AIOps Context: There is a significant opportunity to leverage AI for analyzing enormous data being created by IT and business operations tools, to increase the efficiency of operations, speed up services delivery and ultimately create superior user experiences. The resulting power of AIOps is enabling the progress from siloed to integrated operations backed by intelligent insights.

Signals: In today’s business and IT operations environment, the user is adapting multiple channels of communication for ease and enriched experience. So the backend operations teams as well should expand their ability to sense, analyze and respond to such structured, unstructured and semi-structured data signals. With this in mind, the AIOps platforms are being developed with built-in capabilities to receive and response signals that can encompass any events, alerts, service requests, IoT sensor data, Email, Video, Text, Voice support, UX, Social channels and many other forms.

Interfaces: The way enterprise operations backbone interfacing with signals and external queries also is shaping up in this transformation.

  • The first layer is Machine-First: Giving software/machine/bot the first act on sensing and responding to operations requisitions not only improves the automation of repetitive tasks but also augments cognitive intelligence in complementing human intelligence.
  • Human-Next Touchpoints: Human-next layers take up the operations requisitions that are not solvable by machines. These are the requests which involve human interventions.
  • Ensuring Reliability of Services: Alongside the above two layers, taking an engineering approach to services reliability for constant monitoring, triaging and incorporating insights from advanced analytics of enterprise data brings the culture of continuous improvements and stability to operations.

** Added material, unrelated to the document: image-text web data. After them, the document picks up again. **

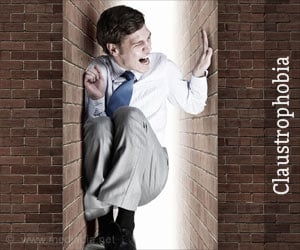 Claustrophobia - Causes, Symptoms, Diagnosis, Treatment, Prevention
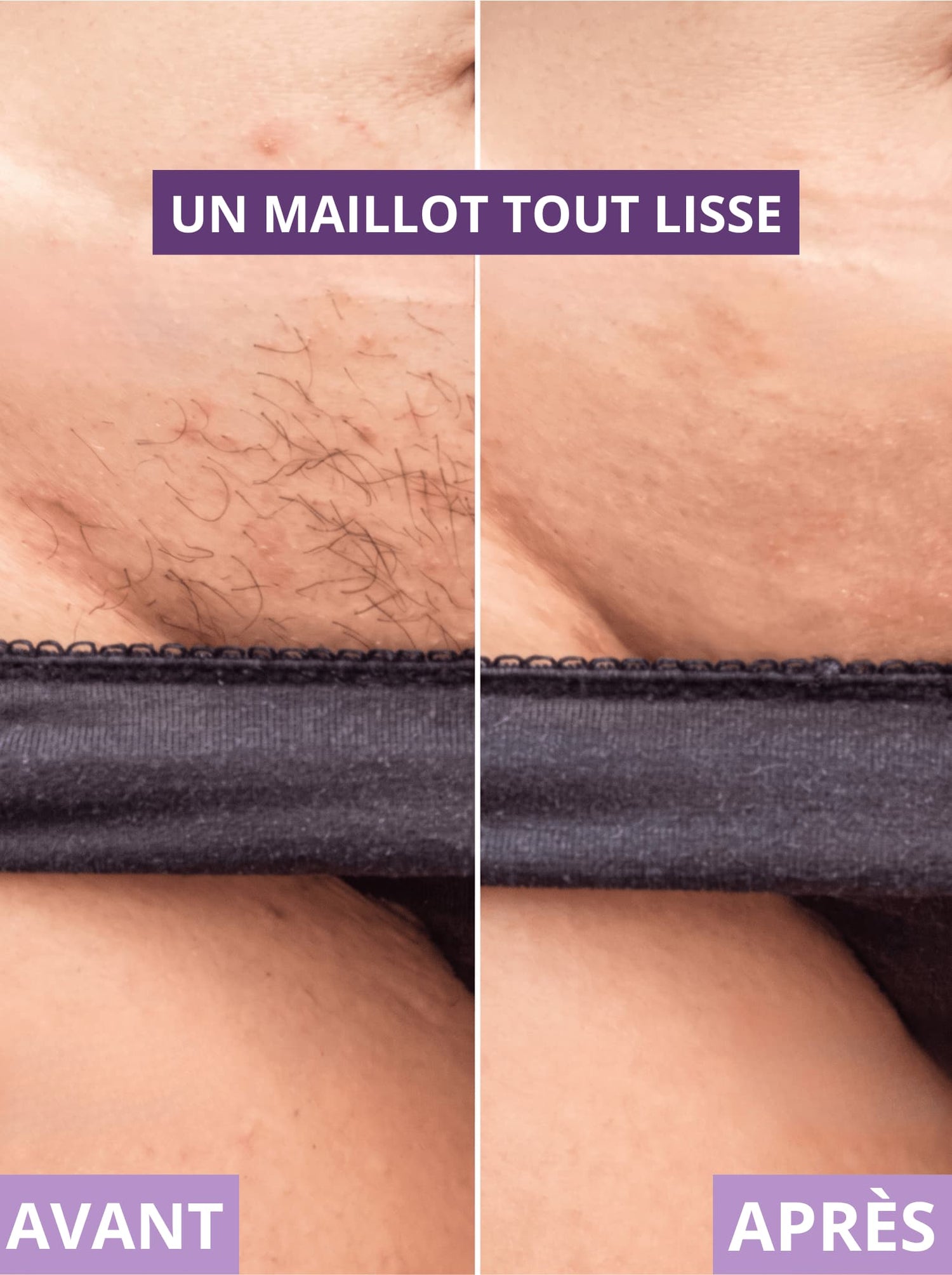 RASOIR 2 EN 1 - ZÉRO POILS INCARNÉS - Névea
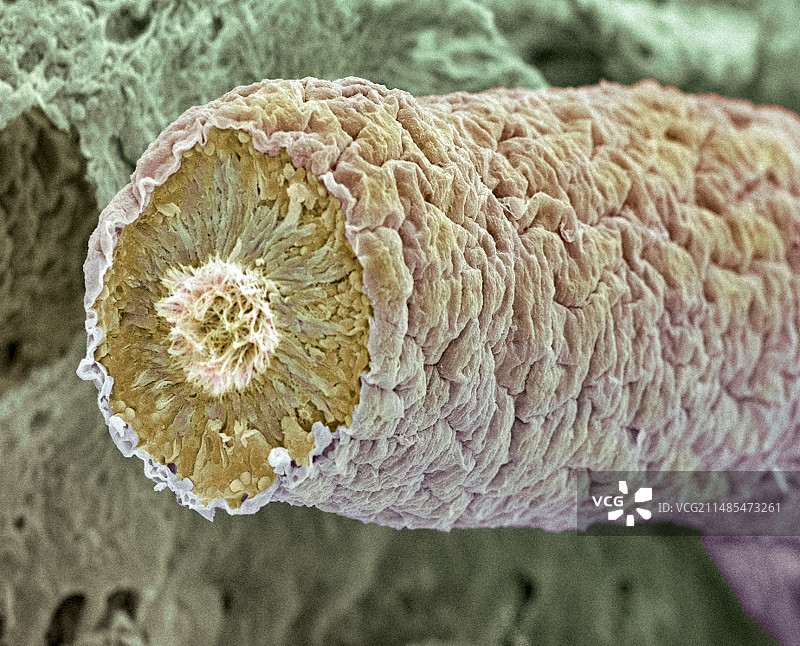 精子产生部位，扫描电子显微镜图片素材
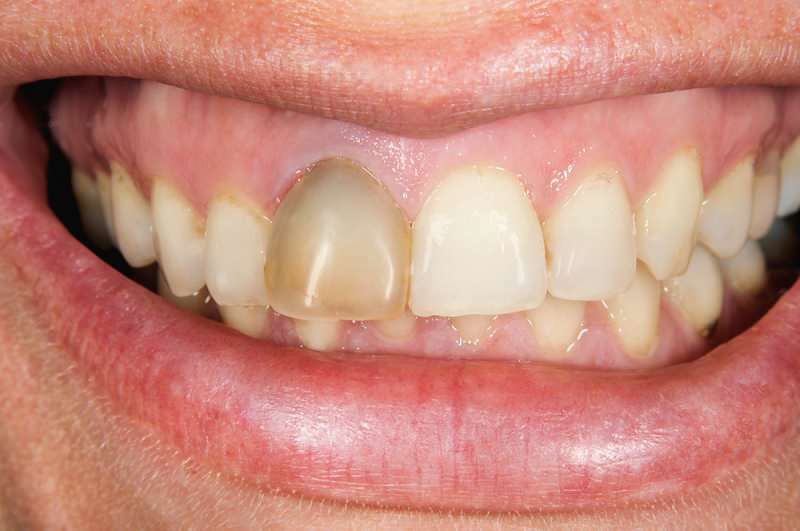 stmavnutie zubov sa niekedy môže sústrediť na jeden zub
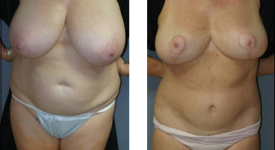 breast_reduction_p3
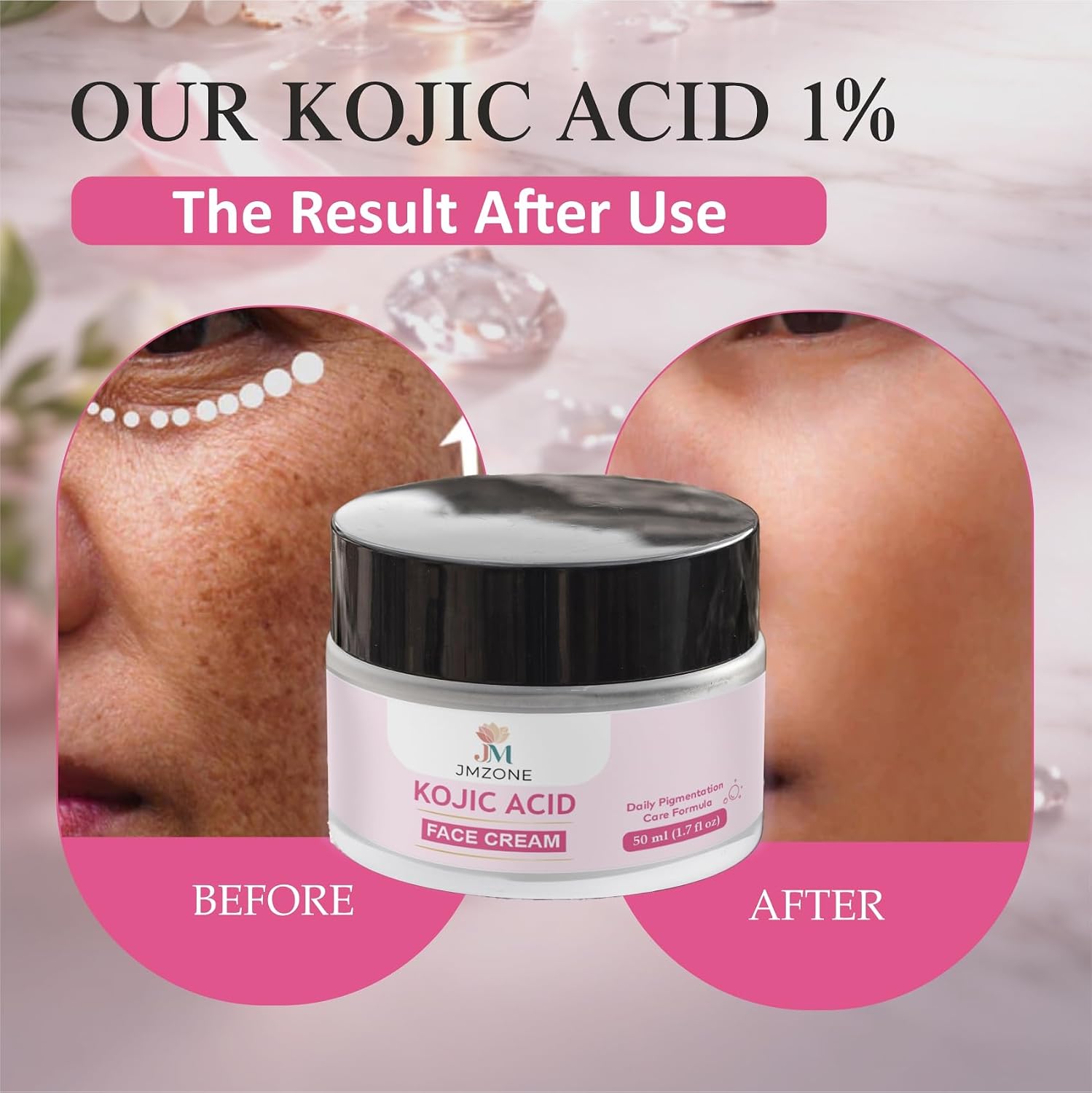 JMZONE Kojic Acid Face Cream, Daily Pigmentation Care Formula, with Niacinamide and Alpha Arbutin, 50ml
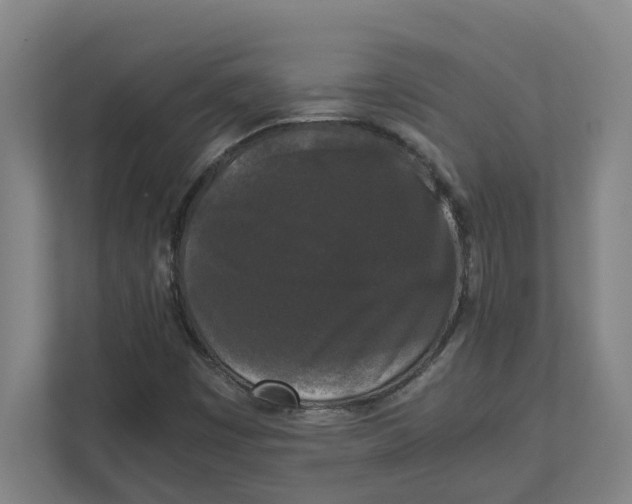 X0000111451449200908101025
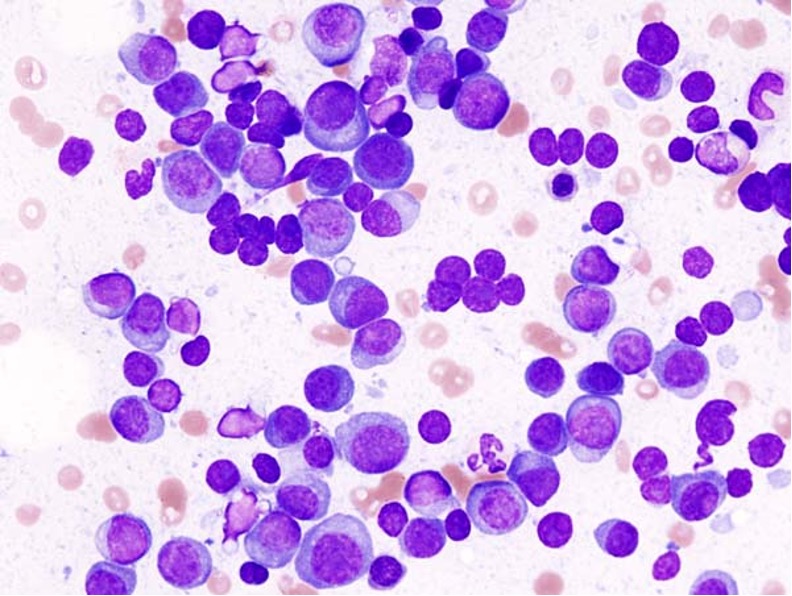 Smear preparation of bone marrow from a patient with multiple myeloma, the cancer of plasma cells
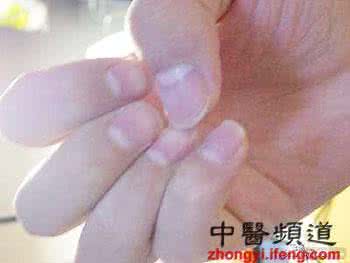 指甲月牙 【健康保健】如何从指甲上的“月牙”来评估自己的身体健康状况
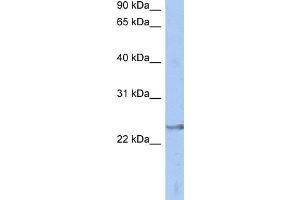 Western Blotting (WB) image for anti-ATPase, H+ Transporting, Lysosomal 31kDa, V1 Subunit E2 (ATP6V1E2) (Middle Region) antibody (ABIN2787752)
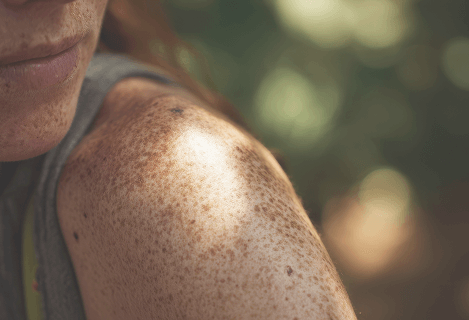 Close-up of a woman's shoulder with freckles bathed in sunlight, symbolizing natural beauty, authenticity, and being comfortable in one's own skin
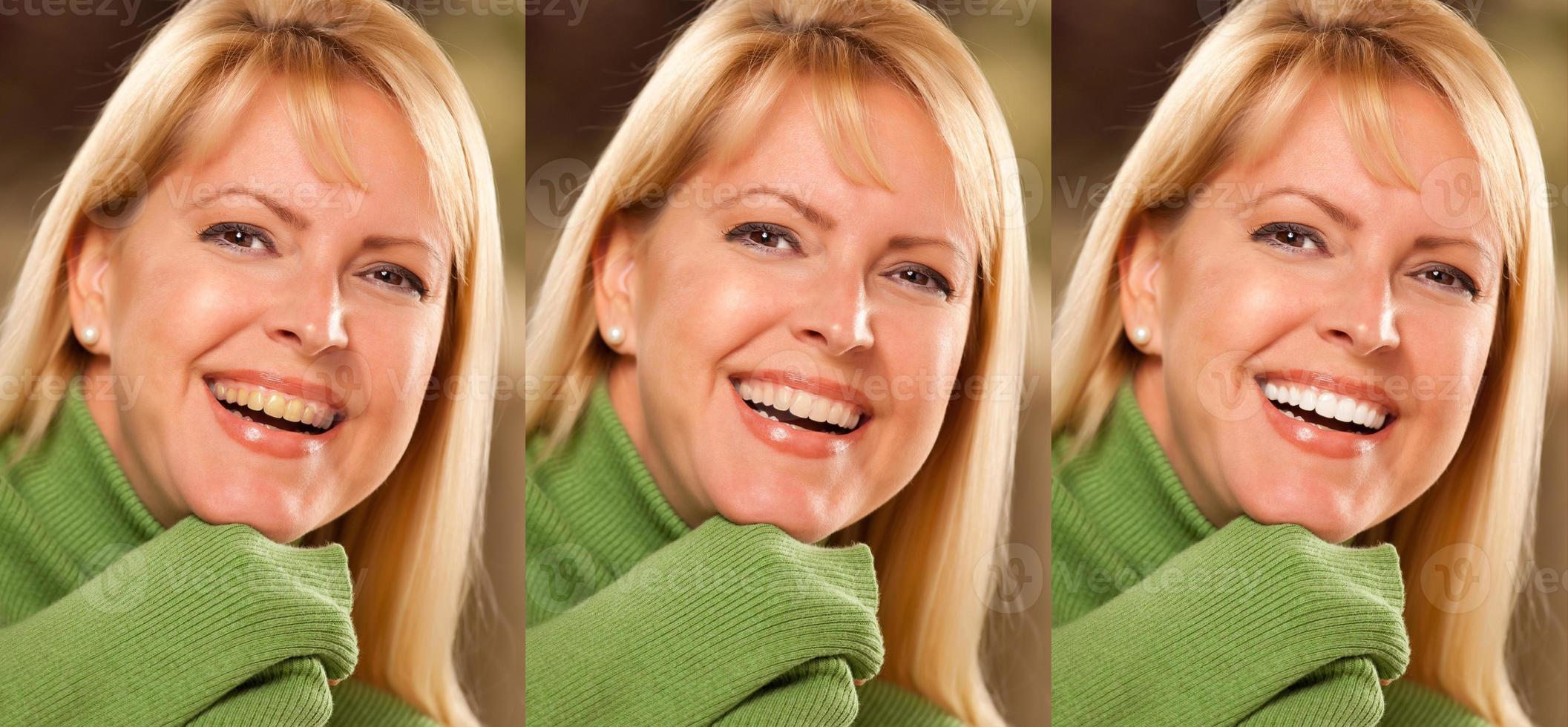 leende kvinna som visar progressiv tänder blekning och blekning. foto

AIOps Platform: The entire AIOps ecosystem is based on the underlying Platform and Enterprise Core that ties all the components together. As Gartner defined, “Artificial Intelligence for IT operations (AIOps) platforms are software systems that combine big data and AI or machine learning  functionality to enhance and partially replace a broad range of IT operations processes and tasks, including availability and performance monitoring, event correlation and analysis, IT service management, and automation.”

As businesses are increasingly software-driven, operations downtime is becoming more costly and slow is the new down. This is leading businesses to proactively manage and improve experiences of services, applications, cloud, and networks. Along with this business 4.0 is digitally shifting the businesses offering the technologies that increase the volume, velocity, and variety of data. As traditional systems and manual efforts are facing challenges in correlating and analyzing the data or alerts, AIOps is stepping up to augment the enterprise intelligence in operations.

To conclude, the future is bright for IT and business operations with AIOps. The increasing shift of organizations core business toward the cloud, raising investments in the AIOps technology ecosystems, exponentially growing data volumes and increasing end-to-end business application assurance and uptime are driving the growth of AIOps market demand.